» **Aim of the exercise**:
Retype exactly the span of lines below from the one with "Terrace/patio - 1" through the one with "1509 Forest Drive". Do not include pictures.
===== Records to use =====
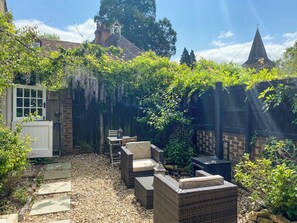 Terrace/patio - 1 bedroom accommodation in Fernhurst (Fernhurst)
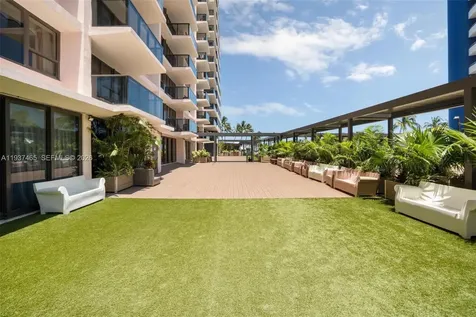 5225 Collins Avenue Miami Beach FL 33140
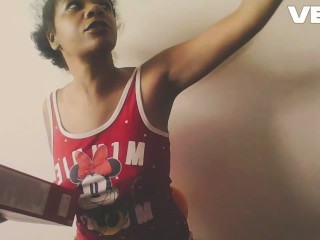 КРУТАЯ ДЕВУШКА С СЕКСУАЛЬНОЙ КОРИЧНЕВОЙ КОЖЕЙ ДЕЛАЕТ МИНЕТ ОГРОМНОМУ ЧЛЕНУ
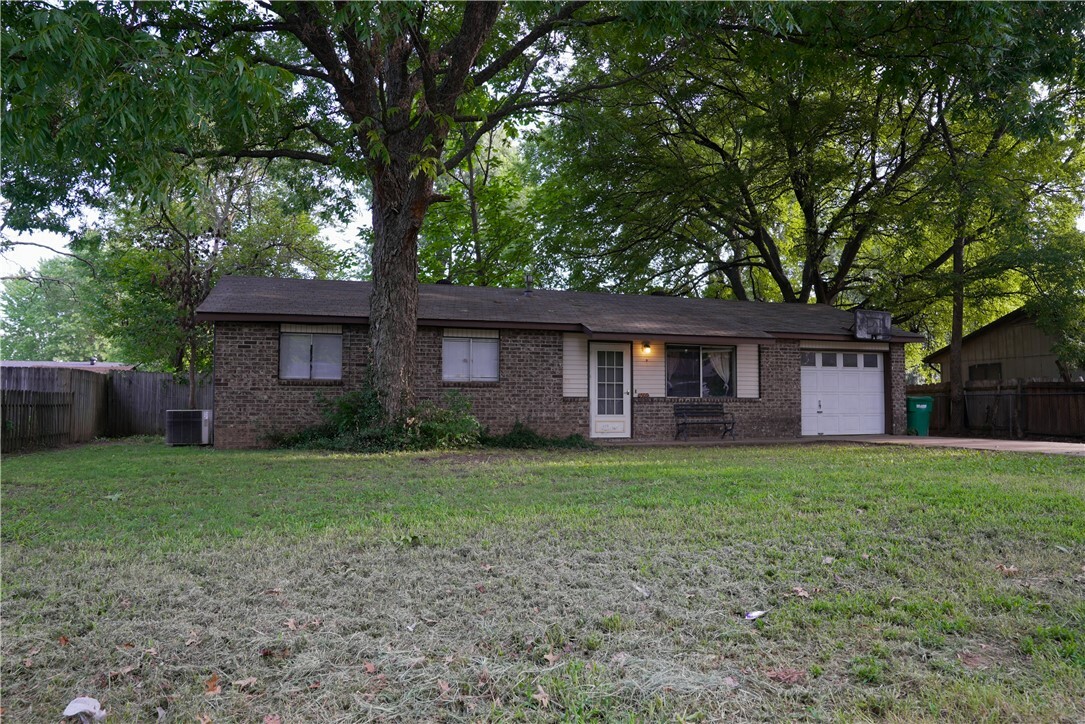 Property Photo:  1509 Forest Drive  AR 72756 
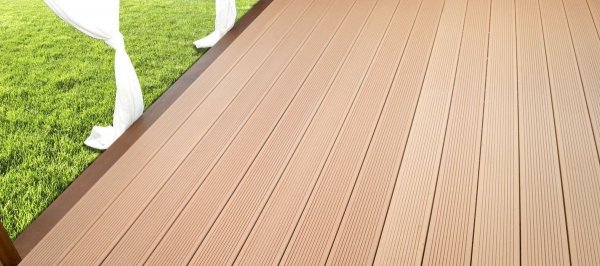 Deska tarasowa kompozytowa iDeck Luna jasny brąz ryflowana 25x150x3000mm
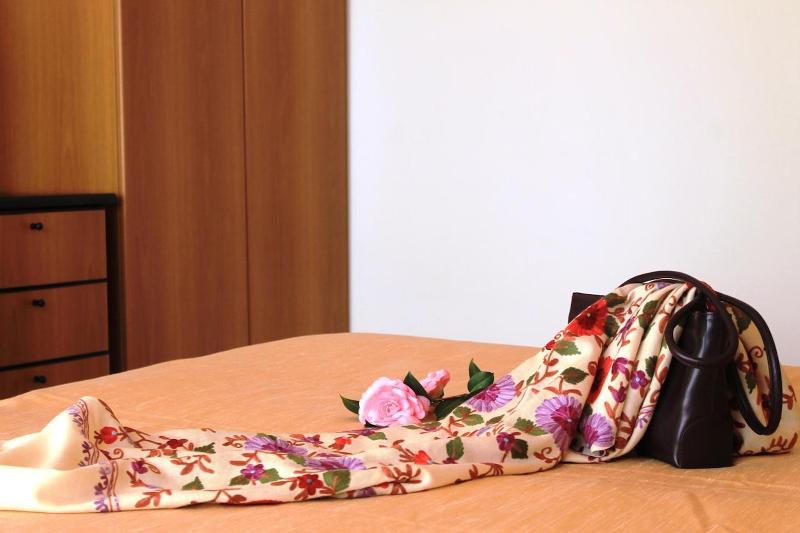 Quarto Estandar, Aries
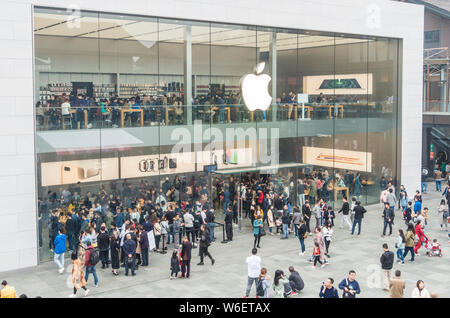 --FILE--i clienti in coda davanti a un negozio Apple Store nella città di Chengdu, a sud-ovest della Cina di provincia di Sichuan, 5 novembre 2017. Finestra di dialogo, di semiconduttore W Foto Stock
=====
===== Records to use =====
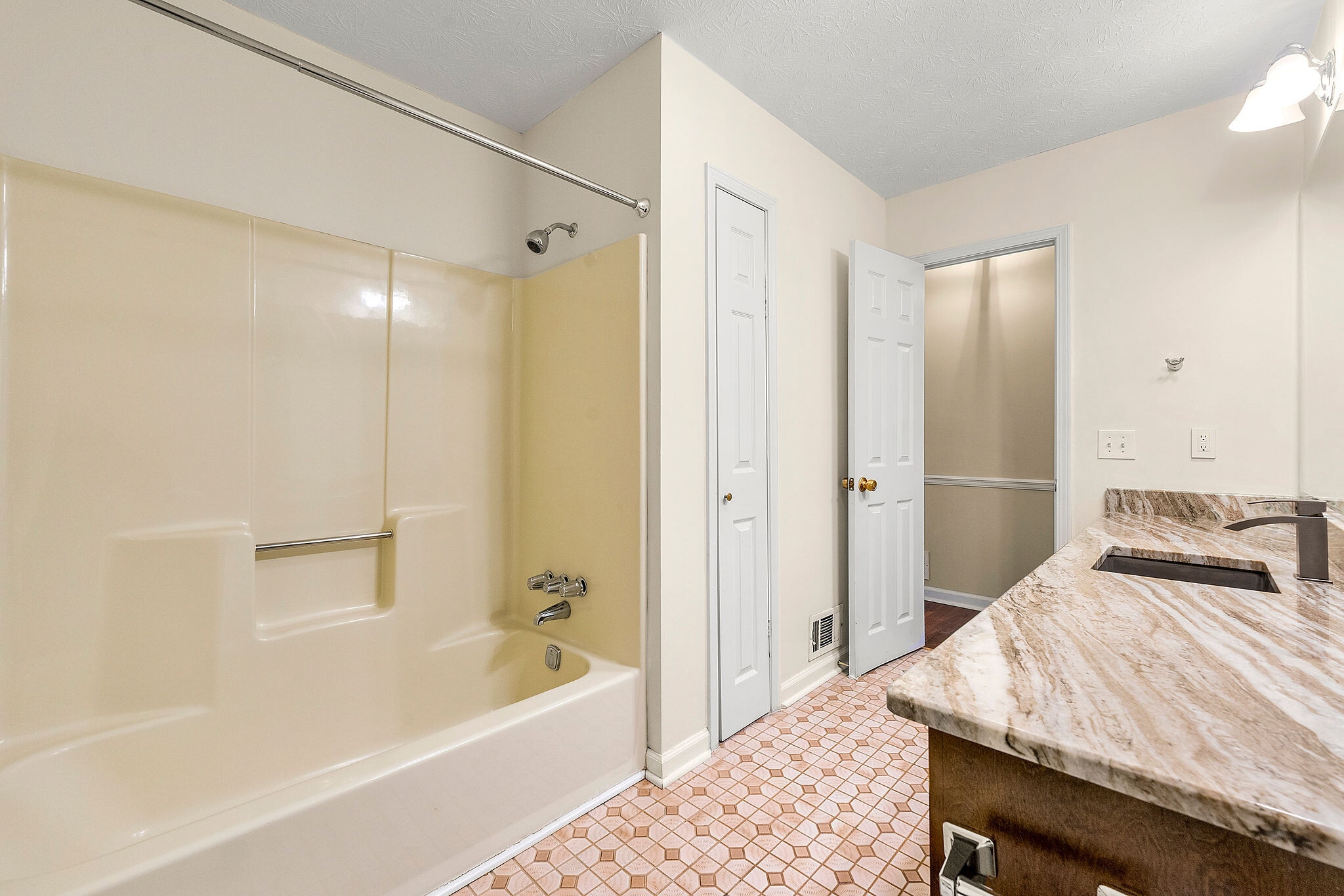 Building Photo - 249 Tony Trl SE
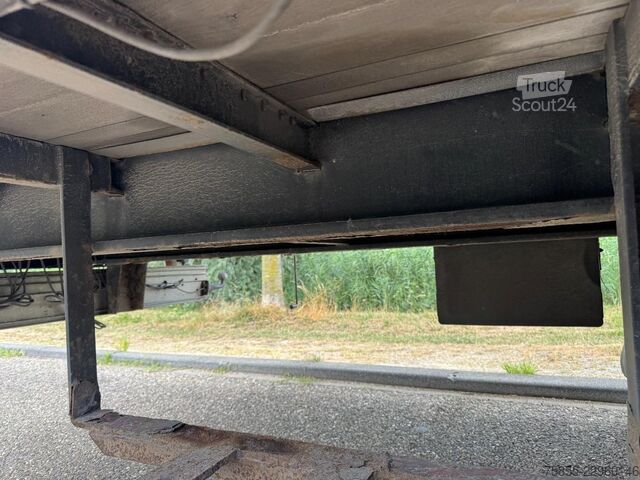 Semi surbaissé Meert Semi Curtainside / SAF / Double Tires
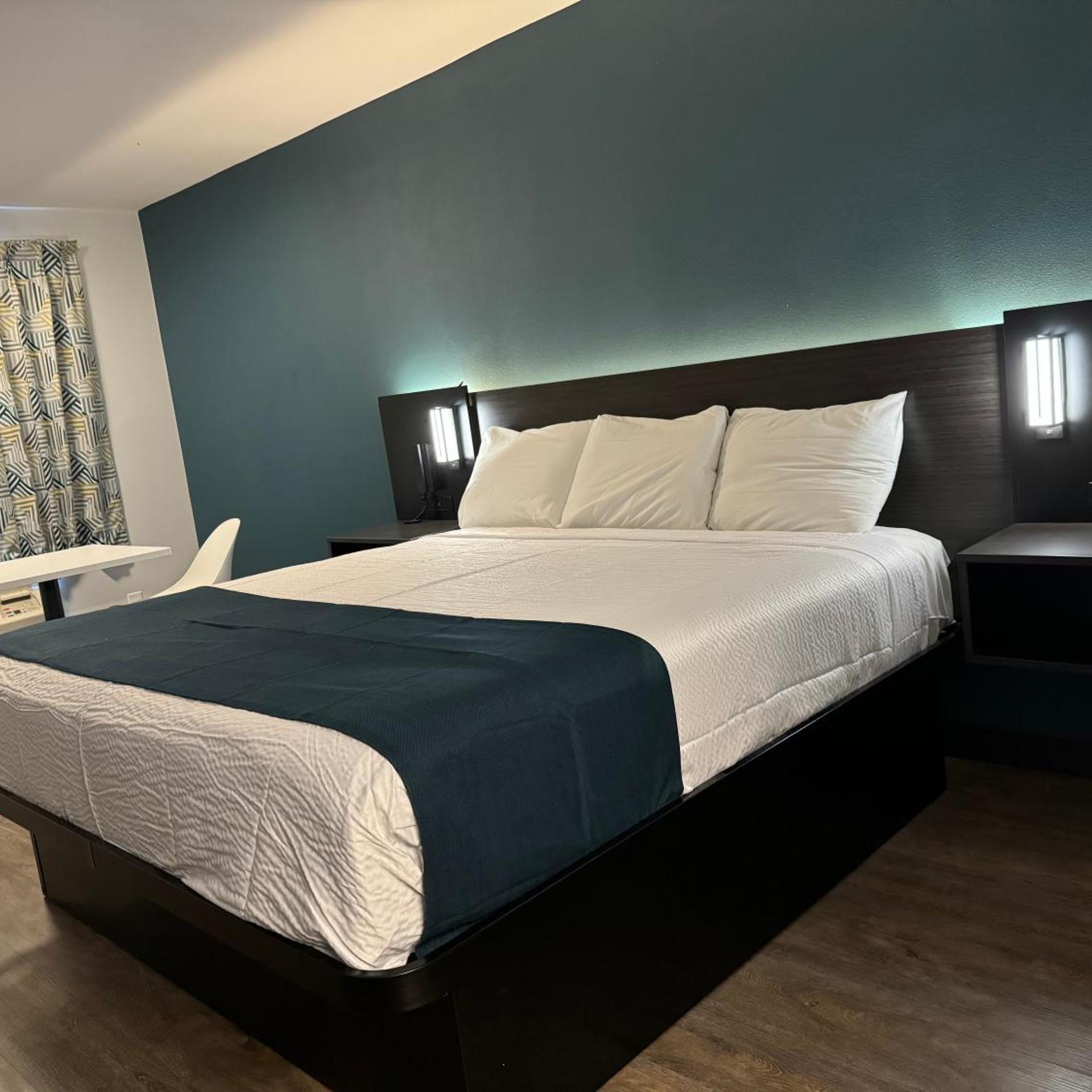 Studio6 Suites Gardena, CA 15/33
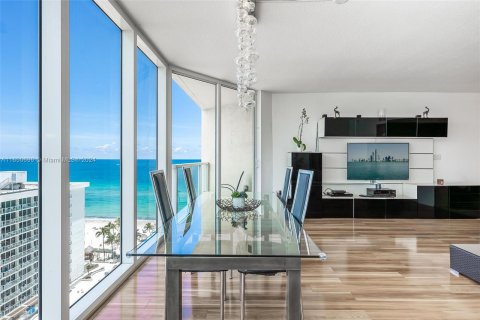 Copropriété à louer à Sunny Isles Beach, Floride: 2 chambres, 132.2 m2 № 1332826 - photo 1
=====
» **Exercise result**:
 Terrace/patio - 1 bedroom accommodation in Fernhurst (Fernhurst)
 5225 Collins Avenue Miami Beach FL 33140
 КРУТАЯ ДЕВУШКА С СЕКСУАЛЬНОЙ КОРИЧНЕВОЙ КОЖЕЙ ДЕЛАЕТ МИНЕТ ОГРОМНОМУ ЧЛЕНУ
 Property Photo:  1509 Forest Drive  AR 72756 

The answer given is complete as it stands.